忘れそうな内容をメモしています

忘れっぽいのでメモ帳がわりに色々書いてます

M5StickVで物体検出を試してみる③(オリジナルデータセットを水増ししてモデル作成)

先日作成した物体検出(ビーダマン検出)モデルですが、学習データを撮影する際に同じ場所から撮影していたのでM5StickVとビーダマンをある一定の距離から遠ざけると検出できなくなりました。 shintarof.hatenablog.com

そこで距離が遠くなっても検出できるようにするため学習データを増やして再度学習させてみました。と言っても距離を変えながら再度撮影するのは大変なので、前回使用した画像データの大きさを変化させてみました。このような元のデータからデータを増やす作業をData Augmentationと呼ぶようです。
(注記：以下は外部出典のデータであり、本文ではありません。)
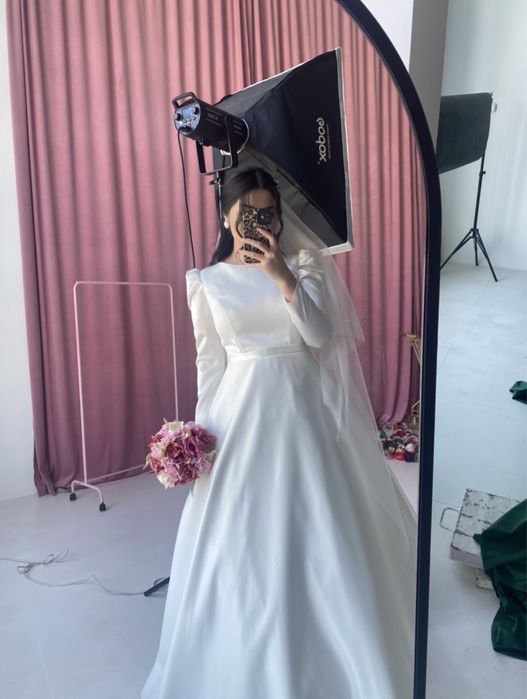 Продаётся свадебное платье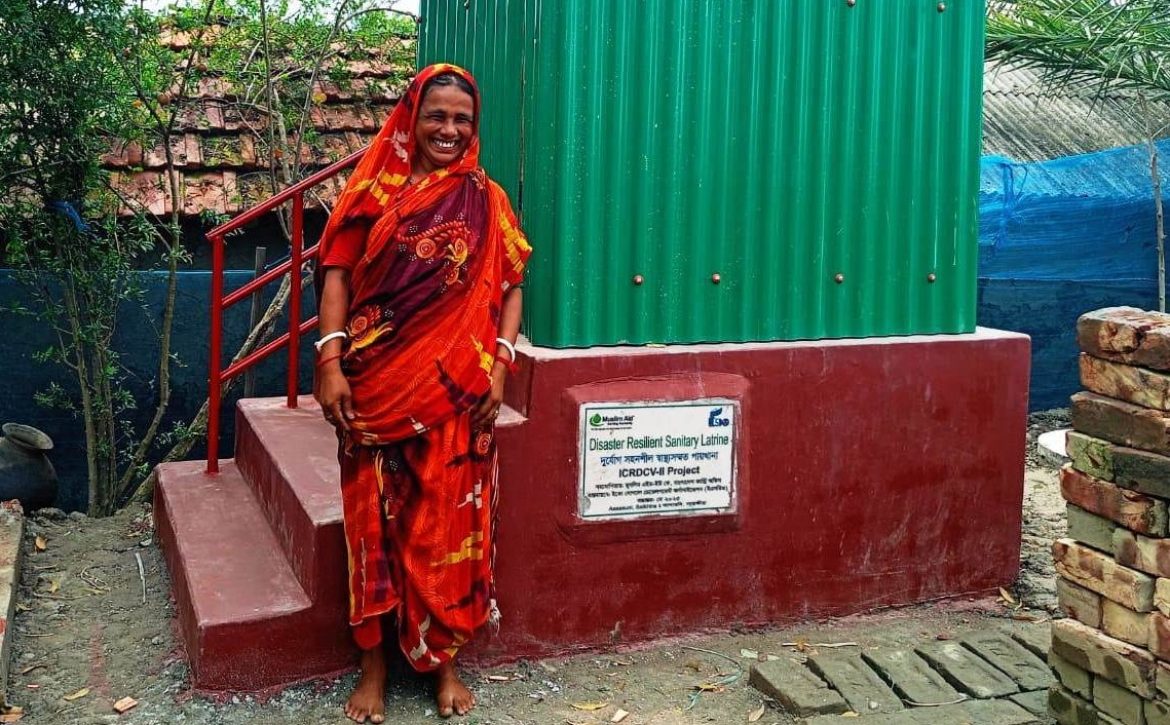 Toilet handover to Kakoli Rani Mondol-Uttor Puijala, Sreeula UP – Copy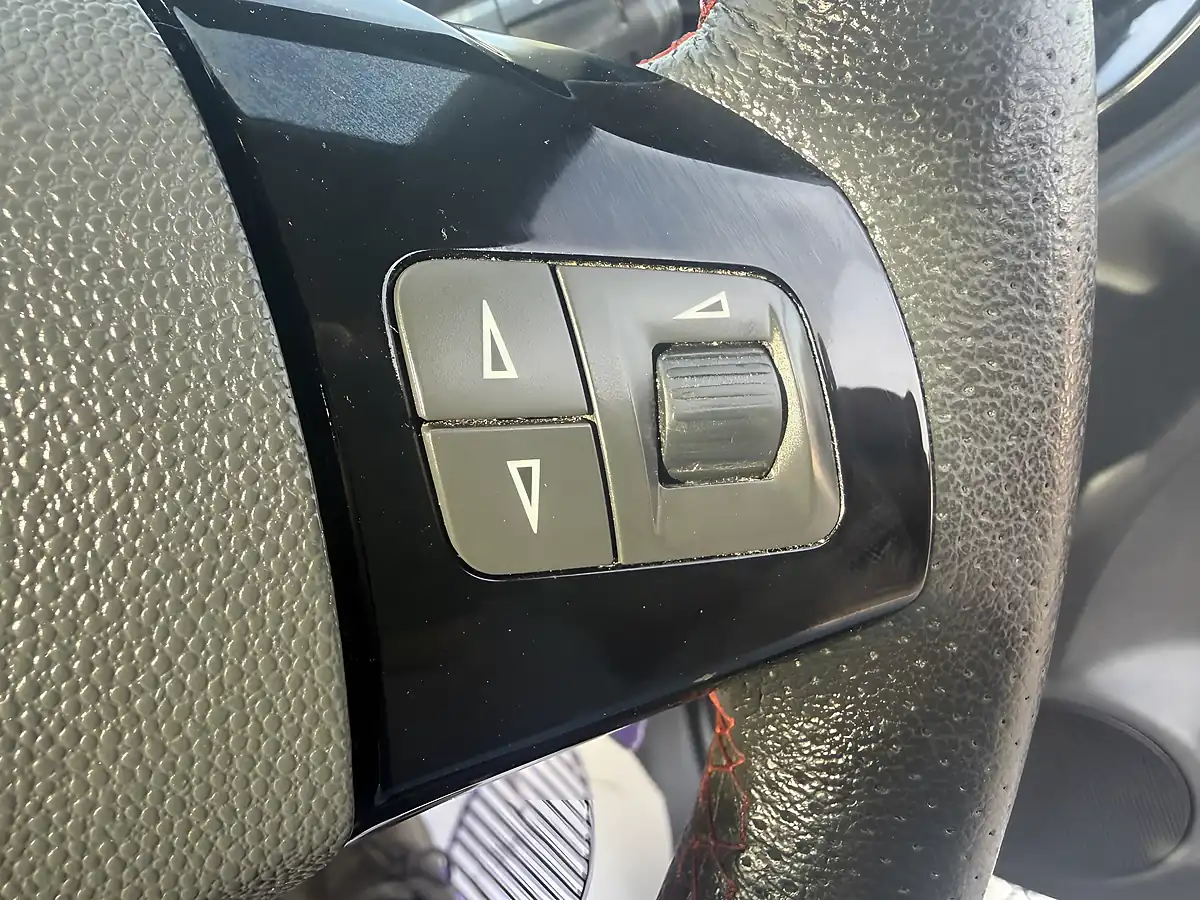 Used 2014 Vauxhall Corsa Sxi Black - Interior and Exterior details 15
調べてみるとAugmentorというツールがpythonから簡単に扱えて便利そうなので使ってみました。
github.com

環境は前回と同じMacOS(Catalina 10.15.3)です。

インストール

$pip install Augmentor

入力データのディレクトリ、出力データのディレクトリ、出力枚数を指定して縮小版の画像を水増しするスクリプトを作りました

import Augmentor
import sys

source  = sys.argv[1]
output  = sys.argv[2]
num     = sys.argv[3]

p = Augmentor.Pipeline(source_directory=source, output_directory=output)
p.zoom(probability=1.0, min_factor=0.3, max_factor=1.0)
p.sample(int(num))

このスクリプトをdata_augmentation.pyという名前で保存し、以下のように実行しました。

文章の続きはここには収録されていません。